Я пытаюсь создать модель glm
с использованием caret
в r
с использованием медицинских данных из CDC. Однако всякий раз, когда я пытаюсь обучить модель с помощью команды train()
в caret
, я получаю следующую ошибку:
Error in `[.default`(y, , "time") : incorrect number of dimensions
Ниже мой код:
#download data
download.file(url = "ftp://ftp.cdc.gov/pub/Health_Statistics/NCHS/dataset_documentation/nhamcs/stata/ed2014-stata.zip",destfile = "ed2014-stata.zip")
unzip("ed2014-stata.zip")
library(haven)
nhamcs2014 <- read_dta("ed2014-stata.dta")
dim(nhamcs2014)
#isolate variables of interest
keep2014<- c("SEX","IMMEDR","SEEN72","CANCER","ETOHAB","ALZHD","ASTHMA","CEBVD","CKD","COPD","CHF","CAD","DEPRN",
"DIABTYP1","DIABTYP2","DIABTYP0","ESRD","HPE","EDHIV","HYPLIPID","HTN","OBESITY","OSA","OSTPRSIS",
"SUBSTAB")
new.nhamcs2014 <- nhamcs2014[keep2014]
#remove missing data
e=new.nhamcs2014$IMMEDR==-9
e.clean.nhamcs2014<- new.nhamcs2014[!e,]
f=e.clean.nhamcs2014$IMMEDR==-8
f.clean.nhamcs2014<- e.clean.nhamcs2014[!f,]
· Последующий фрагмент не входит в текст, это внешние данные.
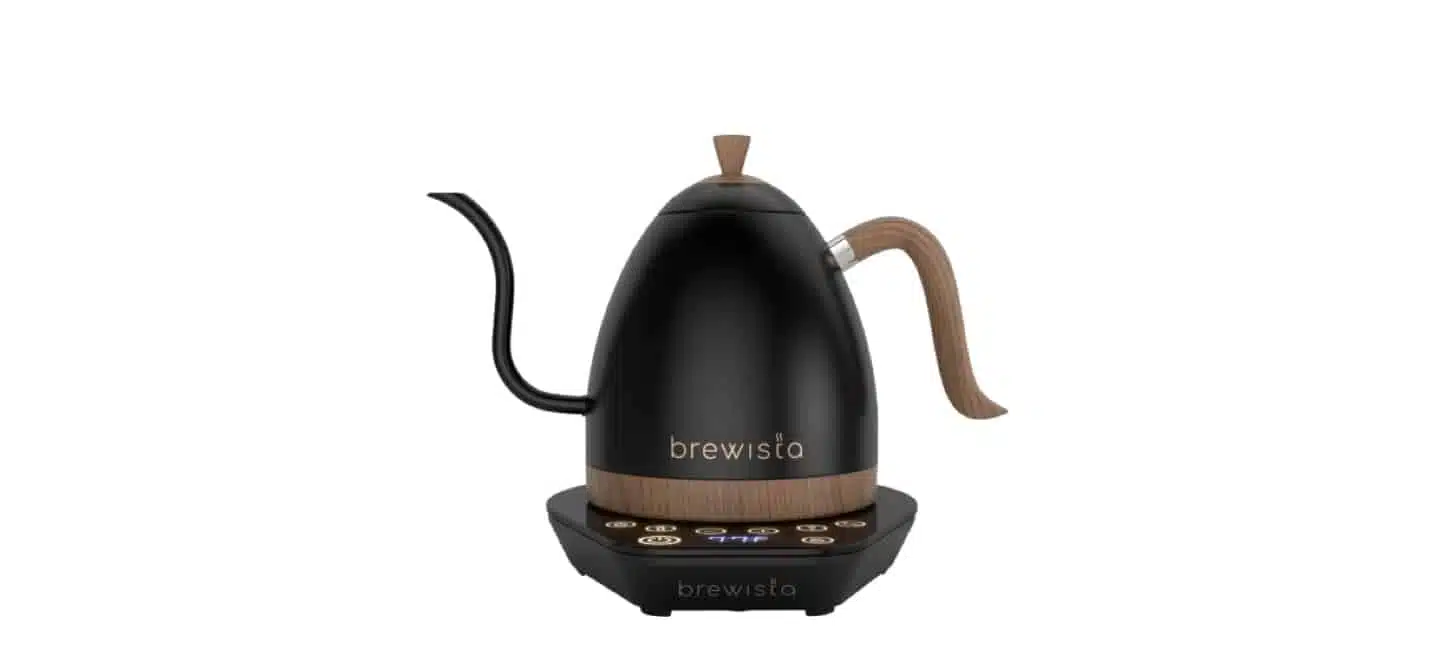 Brewista Artisan Kettle mit Temperatureinstellung seitlich.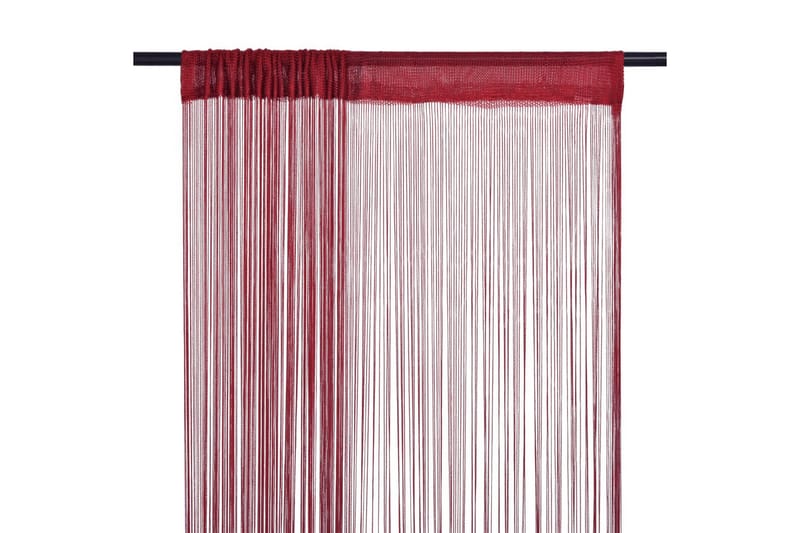 trådgardiner 2 stk. 100 x 250 cm bordeauxfarvet - Rød - Tekstiler - Gardiner - Mørkelægningsgardin
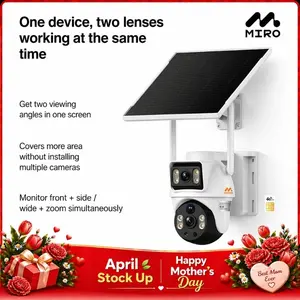 [2026 New] MIRO BP9 4G LTE Solar Security Cameras  – No WiFi , Built-in SIM Card Only (Not Compatible with Other Carriers), Dual Lens PTZ 360°, Motion Alerts, Night Vision, Remote App Monitoring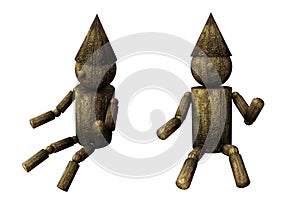 Isolated wooden puppet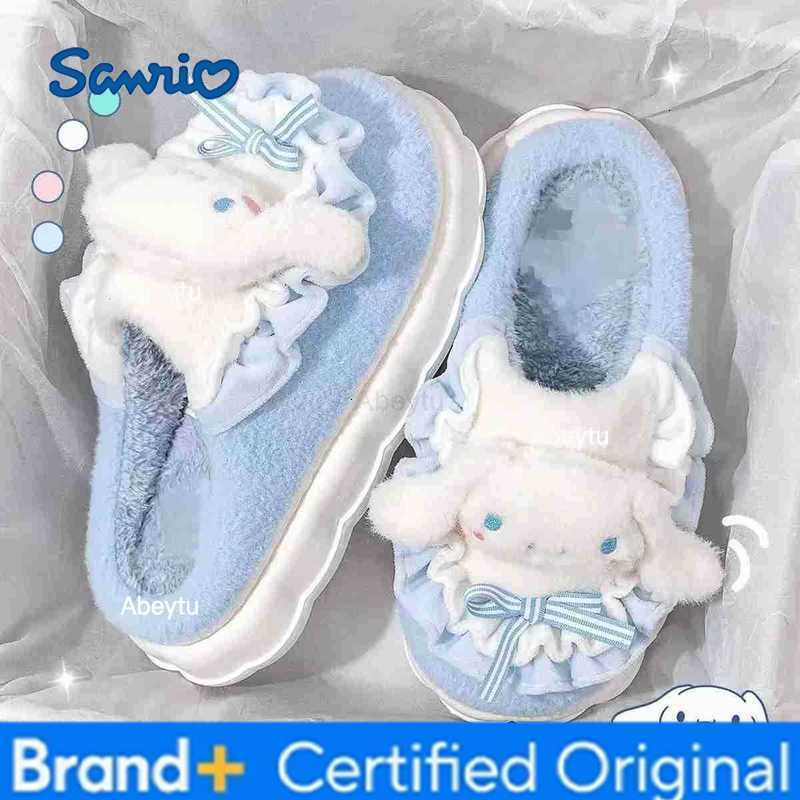Sanrio Hello Kitty Home Fuzzy Slipper Kuromi Cinnamoroll My Melody Yk2 Women Winter Plush Non Slip Slippers Girl Cute Flat Shoes H251230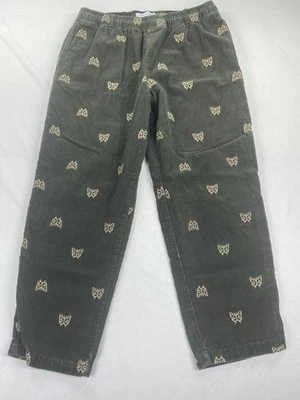 Pantalones de Pana Verde Urban Outfitters Mariposa Bordados Elastizados Elásticos L Foto 1 de 4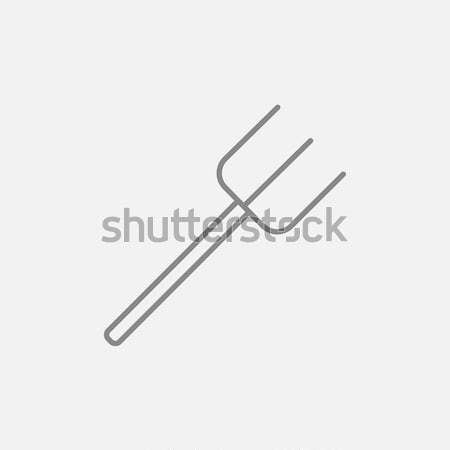 Stock photo: Pitchfork line icon.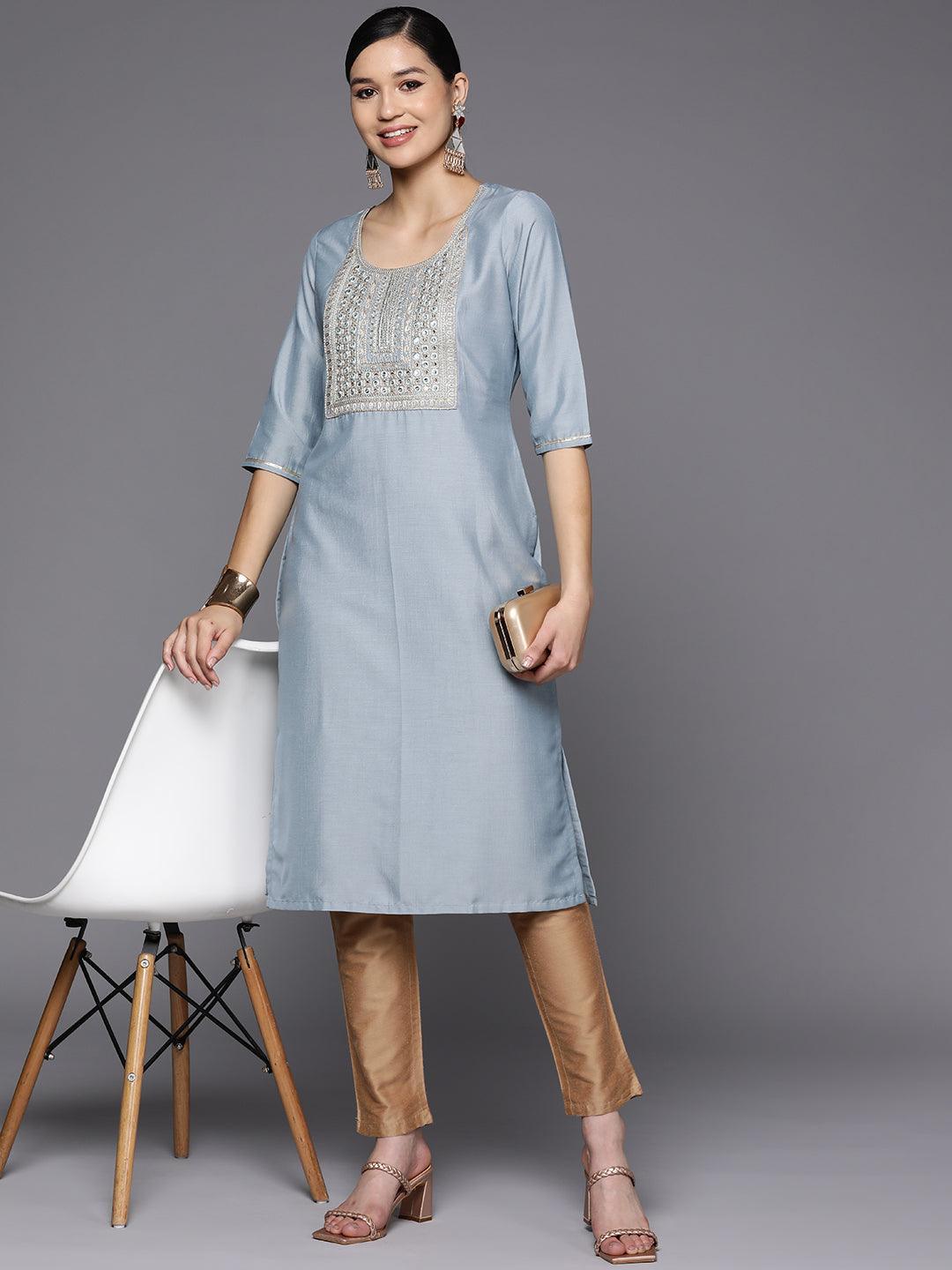 Grey Embroidered Silk Straight Kurta - Libas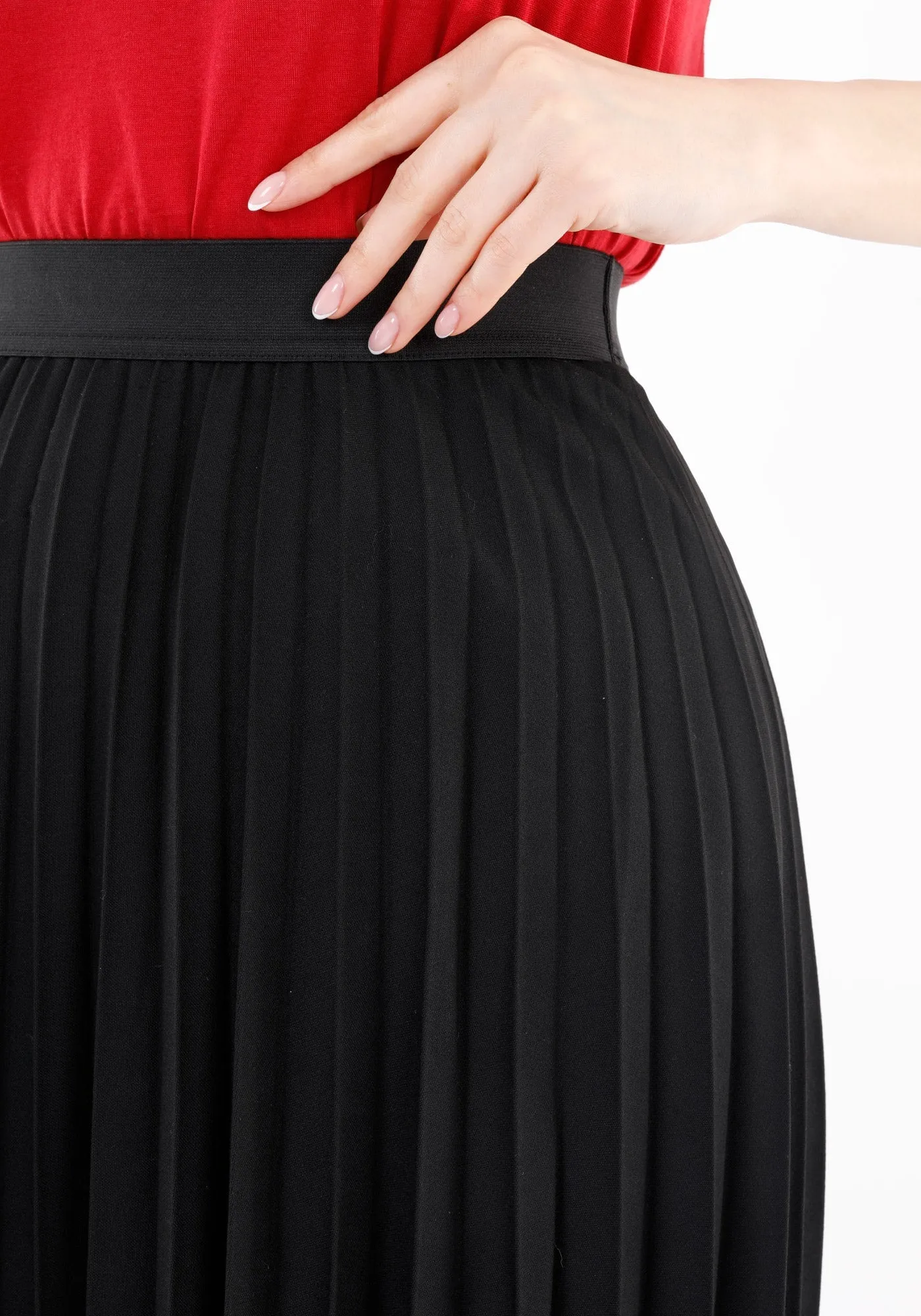 Midi Thin Pleated Below The Knee Skirt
g=f.clean.nhamcs2014$SEEN72==-9
g.clean.nhamcs2014 <- f.clean.nhamcs2014[!g,]
h=g.clean.nhamcs2014$SEEN72==-8
h.clean.nhamcs2014 <- g.clean.nhamcs2014[!h,]
i <- h.clean.nhamcs2014$IMMEDR==7
i.clean.nhamcs2014 <- h.clean.nhamcs2014[!i,]
#Convert response variable (IMMEDR) to binomial variable
i.clean.nhamcs2014$IMMEDR[i.clean.nhamcs2014$IMMEDR==3] <- 0
i.clean.nhamcs2014$IMMEDR[i.clean.nhamcs2014$IMMEDR==2] <- 0
i.clean.nhamcs2014$IMMEDR[i.clean.nhamcs2014$IMMEDR==1] <- 0
i.clean.nhamcs2014$IMMEDR[i.clean.nhamcs2014$IMMEDR==5] <- 1
i.clean.nhamcs2014$IMMEDR[i.clean.nhamcs2014$IMMEDR==4] <- 1
#clean data
i.clean.nhamcs2014$SEX[i.clean.nhamcs2014$SEX==1] <- 0
i.clean.nhamcs2014$SEX[i.clean.nhamcs2014$SEX==2] <- 1
i.clean.nhamcs2014$SEEN72[i.clean.nhamcs2014$SEEN72==1] <- 0
i.clean.nhamcs2014$SEEN72[i.clean.nhamcs2014$SEEN72==2] <- 1
View(i.clean.nhamcs2014)
sum(is.na(i.clean.nhamcs2014))
#create glm model using caret
library(caret)
set.seed(1)
inTrain<-createDataPartition(i.clean.nhamcs2014$IMMEDR, p=.75, list = FALSE)
train.nhamcs2014 <- i.clean.nhamcs2014[inTrain,]
test.nhamcs2014 <- i.clean.nhamcs2014[-inTrain,]
control <- trainControl(method = "cv", number = 5, summaryFunction = twoClassSummary,
classProbs = TRUE, verboseIter = TRUE, returnResamp = "final")
model.glm <- train(IMMEDR~.,method = "glm", family = binomial(), metric = "ROC",
maximize = TRUE, data = train.nhamcs2014, trControl = control)
Error in `[.default`(y, , "time") : incorrect number of dimensions
Любой вклад будет принята с благодарностью!